OIDC Setup on FLEX H

nielsscheldeman · April 28

I'm trying to configure OIDC on FLEX H with MS Entra. Tried to follow this guide:

SSLVPN authentication with Microsoft Entra ID — Zyxel Community

But when I press the test button I get this error:

Invalid OIDC authorization_endpoint.
Error Code: (10016)cmd aaa validate-oidc-profile MS365

Normally my Issuer URL, Client ID and secret are identically, but I wonder if it has something to do with the certificate? The guide only mentions potential problems when trying to connect the client..? I have a wildcard certificate (.pfx) on my domain name, but can't import it on the FLEX because it's not compatible…

ANyhow what also is different then in the guide, I'm not using for example zyxeltest.com but firewall.zyxeltest.com because I'm still in testfase and using an onmicrosoft domain name. Bit stuck here with the not saying that much errormessage…

Edit: looking a bit further, I also don't see any sign in tries on my Entra portal

Ok so now it seems like my Issuer URL had a "/" too much. Moving on now I get

OIDC Authentication Test

An error occurred during OIDC processing:

Claim 'email' not found in ID Token claims

But I have allowed this all:

email	Delegated	View users' email address	No
offline_access	Delegated	Maintain access to data you have given it access to	No
openid	Delegated	Sign users in	No
profile	Delegated	View users' basic profile	No
User.Read	Delegated	Sign in and read user profile	No

Also added:

Zyxel_Tina · April 29

Hi @nielsscheldeman,

Regarding the error "Claim 'email' not found in ID Token claims", this typically means the email attribute is not populated for that user in Entra ID.

We would suggest first verifying the email property of the user account in Entra ID and make sure it is properly filled in.

Additionally, if you prefer, you can also configure the OIDC profile on the FLEX H to use "preferred_username" as the username claim instead, which is already included in the default "profile" scope and requires no extra setup on the Entra ID side.

nielsscheldeman · May 22

Ok, now OIDC Authentication Test is working fine, I added an ext-group-user with Group Identifier from security group I want to use and selected this user in Allowed Users in SSL VPN and primary server OIDC/Entra. However as soon as I log in to the SSL VPN, I get Access Denied, error ID: …. Please contact your administrator. My user is in the right security group, so I'm a bit stuck now.
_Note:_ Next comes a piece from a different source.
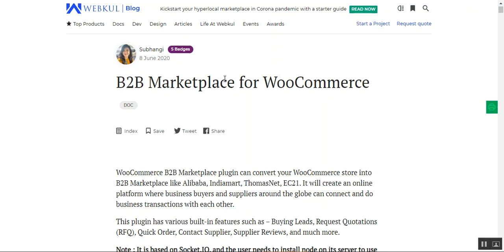Hello and welcome to this new video tutorial of B2B Marketplace for the WooCommerce platform. In today's video tutorial we'll be showing you a brief overview of this particular plugin and the general configuration that is required for this B2B Marketplace for WooCommerce, initially after you've successfully installed this plugin. In coming videos we'll be breaking down the B2B Marketplace into sub-sections and explaining each one in detail.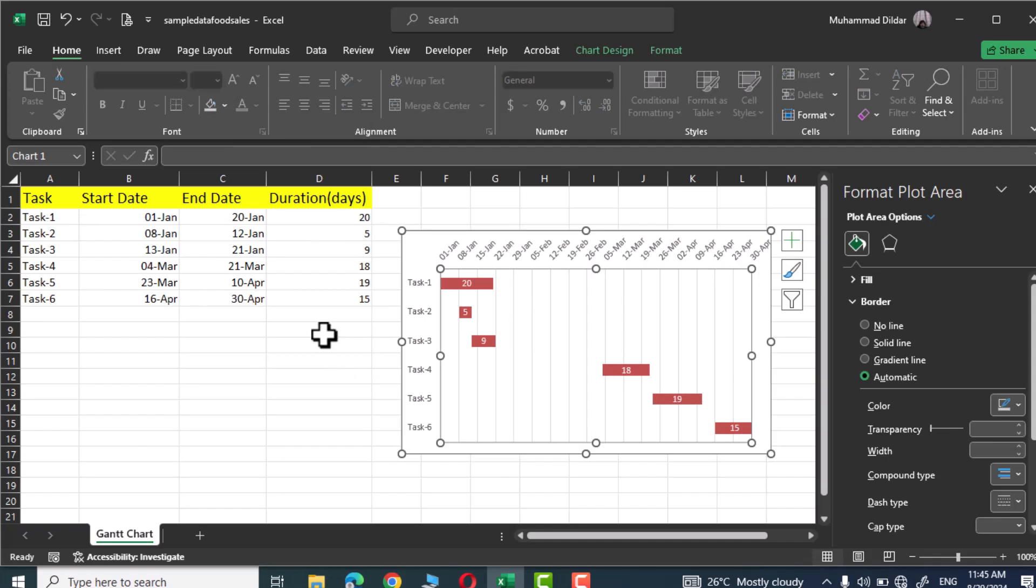So that was all about Gantt chart. I hope you have found this tutorial useful. Please give this video a thumbs up, subscribe to my channel, and thanks for watching.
The guide from ZyXEL doesn't mention anything else after the OIDC Authentication Test is successful. It assumes that everything works then.

Zyxel_Tina · May 26

Hi @nielsscheldeman,

Regarding the issue you have encountered, this behavior is expected. According to the v1.38 release notes, OIDC external group users are currently supported only for captive portal authentication and are not yet supported for SSL VPN authentication; this feature will be enhanced in the future firmware, v1.39.

Specifically:

External group users can be used with OIDC for captive portal integration to enforce user-aware policies.
External group user with OIDC authentication is not yet supported for IPsec and SSL VPN on uOS.